Not been to the dealer, and I use a piece of nylon rope for a piston stop. Hmmm...

Jim / Wrooster
 
OK, after a lot of cleanup and inspection here's what I need to get this little guy running again:

-- Fuel line
-- Fuel filter
-- Impulse line
-- Carb kit
-- Drive sprocket
-- Drive sprocket bearing
-- Spark plug
-- Piston rings
-- Crank seals
-- B&C combo


Jim / Wrooster
 
Sounds good. Maybe get a pair of falling wedges while you are ordering from Bailey's. And maybe some new starter rope. And spare bar nuts. Stupid stuff that can be a show-stopper out there cutting.
 
OK, after a lot of cleanup and inspection here's what I need to get this little guy running again:

-- Fuel line
-- Fuel filter
-- Impulse line
-- Carb kit
-- Drive sprocket
-- Drive sprocket bearing
-- Spark plug
-- Piston rings
-- Crank seals
-- B&C combo


Jim / Wrooster

If so, buy a new saw, you are talking 130$ plus in parts, and you will have a rebuilt "old" saw....

It is a shame you tore it down this far, when a fuel ine, impulse line, and a sprocket would have sufficed
 
If so, buy a new saw, you are talking 130$ plus in parts, and you will have a rebuilt "old" saw....

It is a shame you tore it down this far, when a fuel ine, impulse line, and a sprocket would have sufficed

Wow!
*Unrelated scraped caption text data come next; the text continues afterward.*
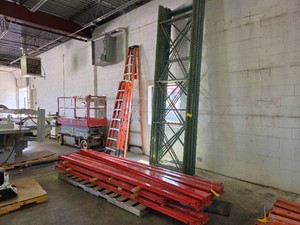 Tear Drop Pallet Racking Including ...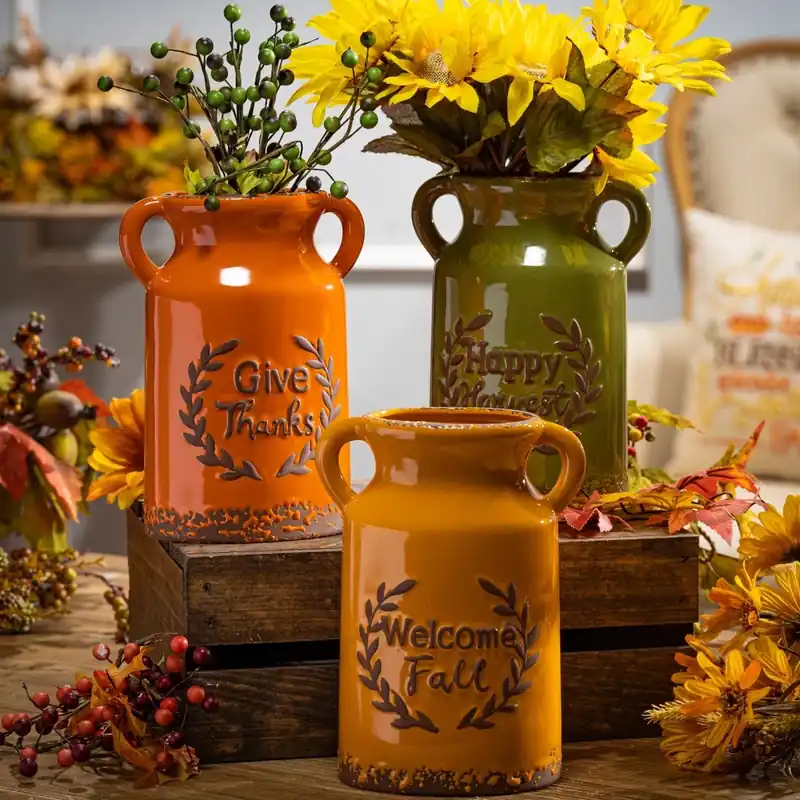 Gerson 8 In. Harvest Vase Fall Decor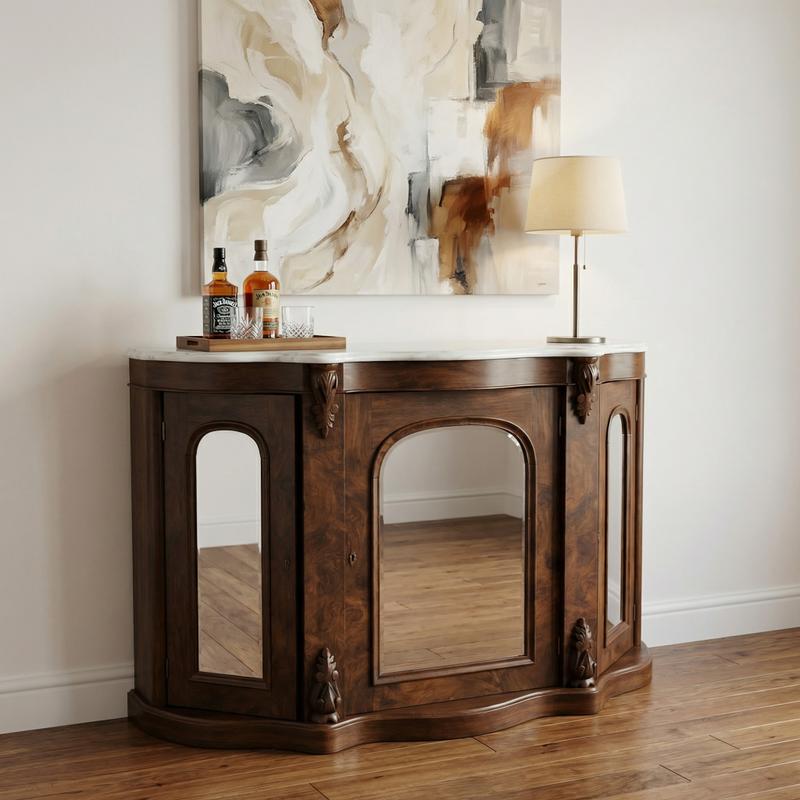 Sideboard with marble top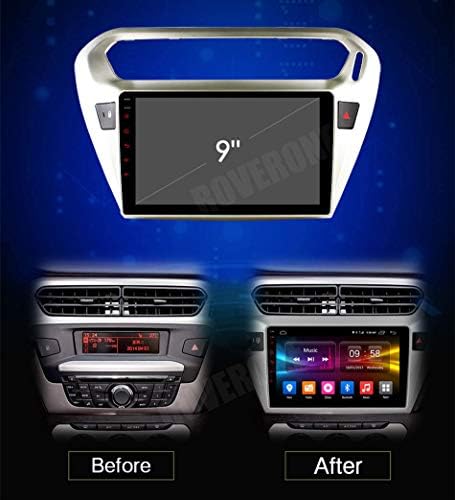 Roverone Android Car Stereo Bluetooth Radio Multimedia Glavna jedinica GPS Navigacija za Peugeot 301 za Citroen Elysee 2014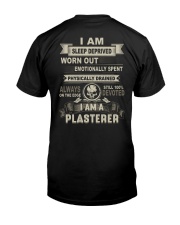 Special Shirt - Plasterers Classic T-Shirt back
Where to begin. Get the flywheel back on and verify compression. If its that low I think thats why it wont start. Sprocket looks wasted. Crud is no biggie.You may want to just ebay the parts and make some money with it. Im sure you dont want to hear that but with low compression its going to take alot more time.:cheers:

Thats what I was thinking.:cheers:
 
OK now, if the ball busting is over and done with... :)

The piston rings come qty 2 to a kit. So no extra there.

The seals, cheap ones at least, are eluding me right now. Ordinarily they are a couple of bucks at NAPA, but they are
priced higher now ($6.99 ea) for whatever reason.

The impulse line I may have to buy from the dealer near where I work, since I can't seem to find one online.

The carb kit is OEM Walbro.

The ArborMax B&C setup didn't come to me out of thin air; a quick search will turn up a number of satisfied AS'ers. It's an occasional use firewood saw; I'm not staring in a TV show with it.

Shipping for this lot to my zip code is $9.82.

I'm believe still under my previously discussed $100 allotted budget. So... :givebeer:

Or give me an idea of something else to do. I haven't ordered anything yet, I wanted to get done with cleaning it up so I didn't have to place a 2nd order for something small.